With no input signal and no output voltage the accumulator
integrates the square wave signal to the input of the output low
pass filter, generating a triangle wave whose limits are set by the
hysteresis at the input to the comparator. The hysteresis in effect
sets the upper bound on the modulation frequency or carrier which
is preferably 500 Khz. The input voltage 118 thereby controls the
count rate of the accumulator such that the comparator trips at the
correct time to form the duty cycle required to obtain the proper
output voltage 310. The third input to the accumulator is the
amplifier's output voltage 310 in the form of a feedback to correct
for errors in the output voltage.
[0047] The output of the comparator generates the Q and Q-bar
signals to the power switches 210, 212. When the comparator signals
the value in the accumulator has exceeded the current hysteresis,
the driving MOSFET is shut down, and a mandatory off time
(underlap) is preferably enforced to ensure that only one MOSFET is
on at any time. The alternate value of the hysteresis is selected,
and the alternate MOSFET is enabled, applying the opposite value of
the square wave to the filter. When the comparator signals the
value of the accumulator has exceeded the alternate hysteresis, the
process is repeated.
[0048] The input stage of the amplifier (not shown) may employ an
off-the-shelf SDPIF input processor integrated circuit. This input
stage is responsible for phase locking to the digital input data
stream and producing a frame sync, a 1.times. clock at the data
sample rate (.about.3 MHz). The sample clock is then multiplied up
via a phase locked loop to produce the digital amplifier's
operating clock frequency.
[0049] A digital volume control is employed in the amplifier as
well. The input stage of the amplifier feeds circuitry contained in
the volume control that converts the serial data from the input
stage to a parallel digital word. This parallel word is the digital
input to the volume control circuitry referred to as Vin. The
volume control is a digital multiplier which may be conveniently
defined by the equation:
V.sub.o=(V.sub.in*gain)/(scale factor).
[0050] The gain is mechanized as a ROM lookup table to provide the
typical non-linear control found in stereo systems. The scale
factor sets the decimal point for the output of the multiplier. For
a 16 bit audio systems the scale factor is 2.sup.16 and for a 24
bit system the scale factor is 2.sup.24. As a typical
mechanization, this system provides 32 volume steps for the
amplifier.
[0051] The address of the ROM lookup table may come from either a
knob with parallel digital outputs or may be a counter which is
incremented by volume up/down buttons or a volume knob which
outputs digital pulses. The lookup table is generated with an
exponential such that at 0, V.sub.o is zero and at 31, V.sub.o
shall be at its maximum (e.g., 16 bits for a 16 bit system, 24 bits
for a 24 bit system, etc.). The output of the ROM lookup is
monotonic where increasing the volume control increases the ROM
address, which in turn selects larger gain values to the
multiplier.
[0052] A novel current limiting feature, illustrated in FIG. 3, is
included in the digital amplifier in the form of a feedback control
system. Audio power amplifiers need protection from shorted outputs
and excessive currents due to low load impedance. During normal
operation, the digital input signal commands the output to be a
voltage that is A times the input signal where A is the amplifier's
gain.
[0053] If the amplifier's output is inadvertently shorted or the
load impedance becomes very low and the input commands a high
output voltage, the amplifier's power output section may be damaged
by excessive currents. To protect components in the amplifier and
speakers, the load current is limited to a preset value. For
example, in a 500 watt amplifier the current limit may be set to 50
amps. Accordingly, a novel mode switching scheme now described
provides current or power limiting which is compatible with the
foregoing digital input class-D amplifier or any other class-D
amplifier. Moreover, this current protection system can reside in
the same IC as the primary modulator.
[0054] To accomplish this, the load current is sensed at R1 (FIG.
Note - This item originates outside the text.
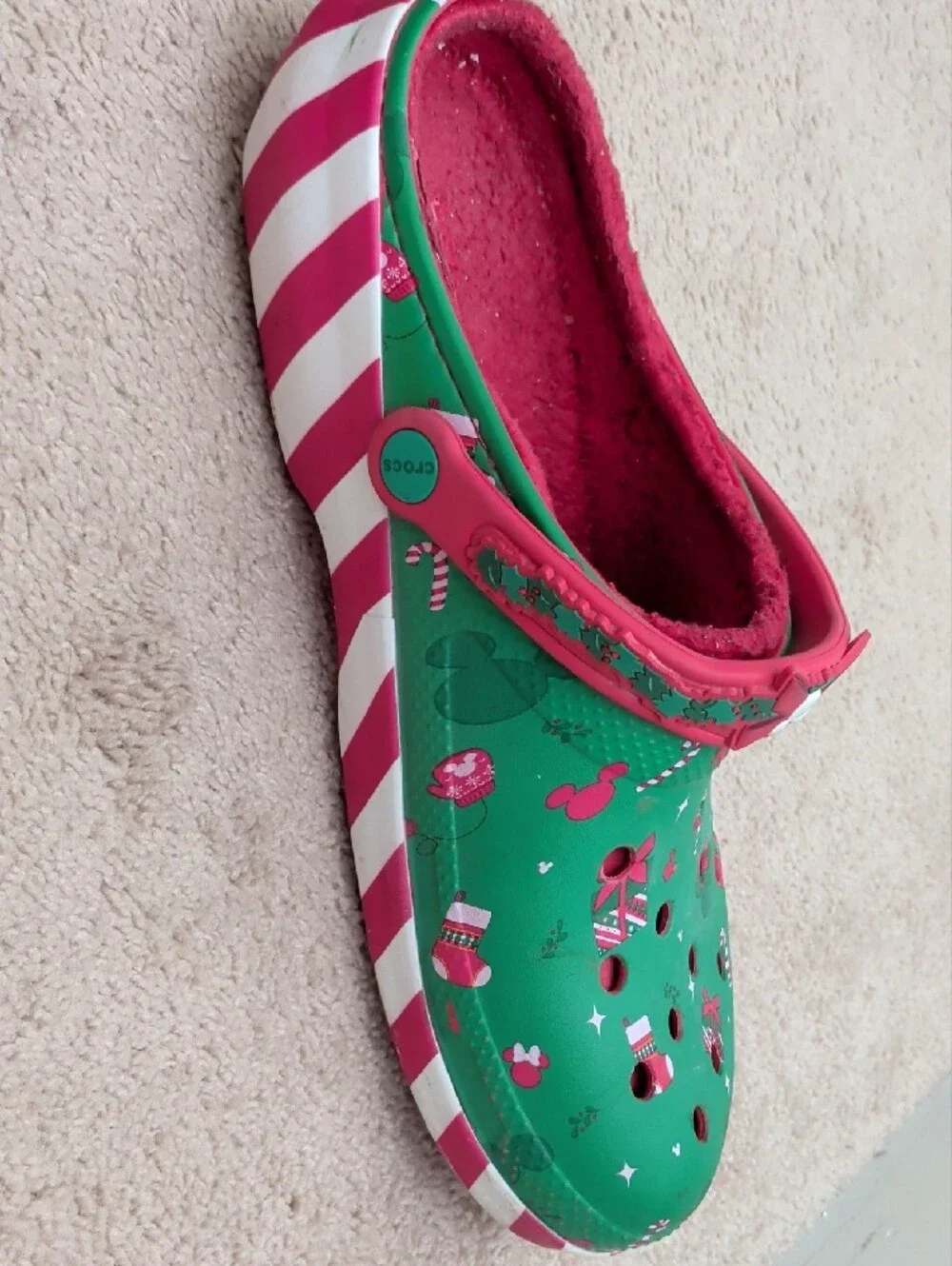 CROCS festive green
3) and digitized. When the input tries to command an excessive
output current, this current limit modulator takes over control of
the power output section 200 (FIG. 1). This current-limiting PWM
modulator generates gate control signals to drive the output to a
constant current as long as the fault exists at the output of the
amplifier and is commanding excessive current. Further, the initial
output current limit is set relatively high and decreased as a
function of time. For example, it may start at 50 amps, stay at 50
amps for 100 ms and then decline linearly for the next second and
then reduce the slope further until two seconds and maintain a
constant current limit value, a current that the amplifier can
safely output indefinitely. During this time, the load impedance is
monitored and when the short is removed, the current limit is reset
to the normal 50 amps.
[0055] Alternately, the PWM signals to limit the output current can
be derived by using the digitized output current to overdrive the
primary PWM modulator. There is a substantial disadvantage to this
approach, however. The primary modulator, i.e., the one converting
the digital input signal into a PWM signal, has a variable output
frequency. At very high currents, this results in high switching
losses. At high output currents, a constant frequency modulator is
much more efficient and hence, more reliable. This constant running
frequency is chosen to be low enough to minimize switching losses
and high enough to allow the output filter to limit the carrier
current in the load. In other words, when the input commands
excessive output current, the current limit modulator takes over
control until the output current falls below the preset current
limit level.
[0056] If the main modulator is a variable running frequency
modulator, where the switching frequency varies as a function of
power demand, the running frequency will fall, approaching the
output low pass filter cut-off frequency. When this happens, the
output filter can no longer protect the output switch transistor
from excessive currents, resulting in failure of the output
transistors. In practice, variable frequency modulators have
no-load running frequencies of 300 to 700 KHz, and fall to zero
under very high output power. When the frequency falls to zero, the
current in the inductor of the output filter approaches infinity
and the output switch transistor will fail. This invention provides
a solution such that when the amplifier switches to current limit
mode, the current limit modulator operates at a fixed frequency,
thus minimizing the switching losses, the losses while one
transistor is turning OFF and the opposite one is turning ON.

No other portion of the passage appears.